Materials Sciences and Applications
Vol.06 No.01(2015), Article ID:53409,7 pages

Study the Effect of Ruthenium Dye Layer on Negative Capacitance in Solar Cells Based on the Nc-TiO2 Semiconducting Polymer Heterojunction

H. Al-Dmour

Department of Physics, Faculty of Science, Mu'tah University, Mu’tah, Jordan


Copyright © 2015 by author and Scientific Research Publishing Inc.

This work is licensed under the Creative Commons Attribution International License (CC BY).
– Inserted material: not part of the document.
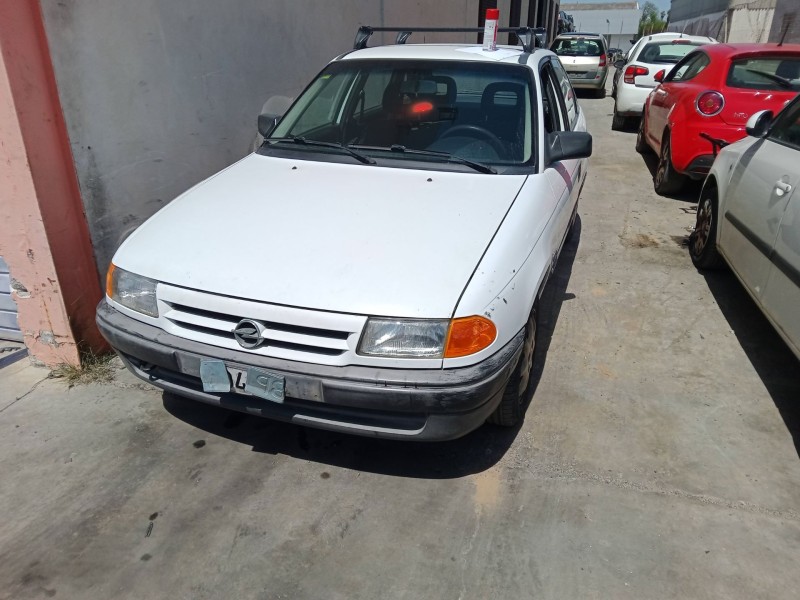 opel astra f hatchback (t92) del año 1992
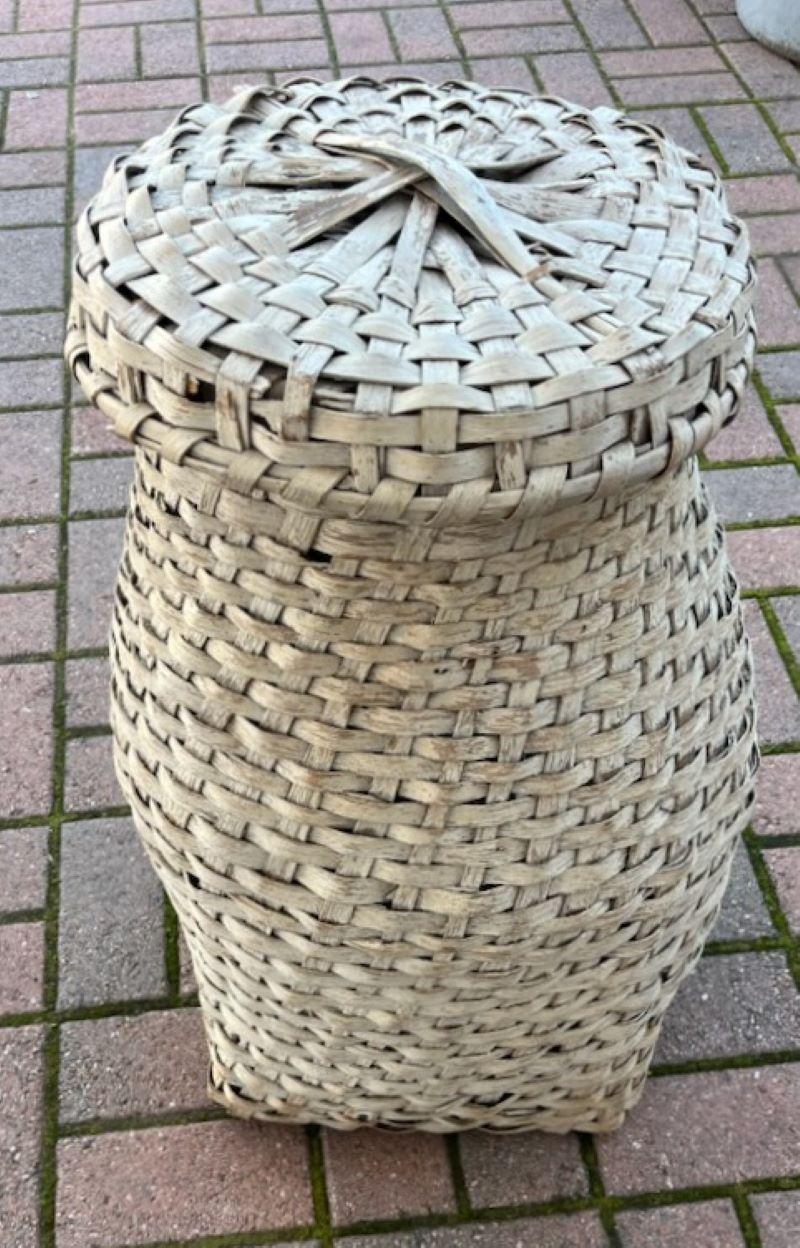 Stile Adirondack Cestino di piume dipinto di bianco originale del 19° secolo in vendita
Received 27 September 2014; accepted 15 January 2015; published 21 January 2015


We report the effect of ruthenium dye on negative capacitance of nanocrystalline titanium dioxide/poly(3-hexyl thiophene), nc-TiO2/P3HT, heterojunction solar cells. It has been found that the low frequency capacitance reaches a high positive value and then drop to the negative region. In P3HT/Ru-Dye/nc-TiO2 solar cells, the negative capacitance is observed under very low forward bias condition unlike the negative capacitance in P3HT/ncTiO2 solar cells. That is attributed to the difference of the concentration of dipole and presence of depletion region at interface between the P3HT and nc-TiO2.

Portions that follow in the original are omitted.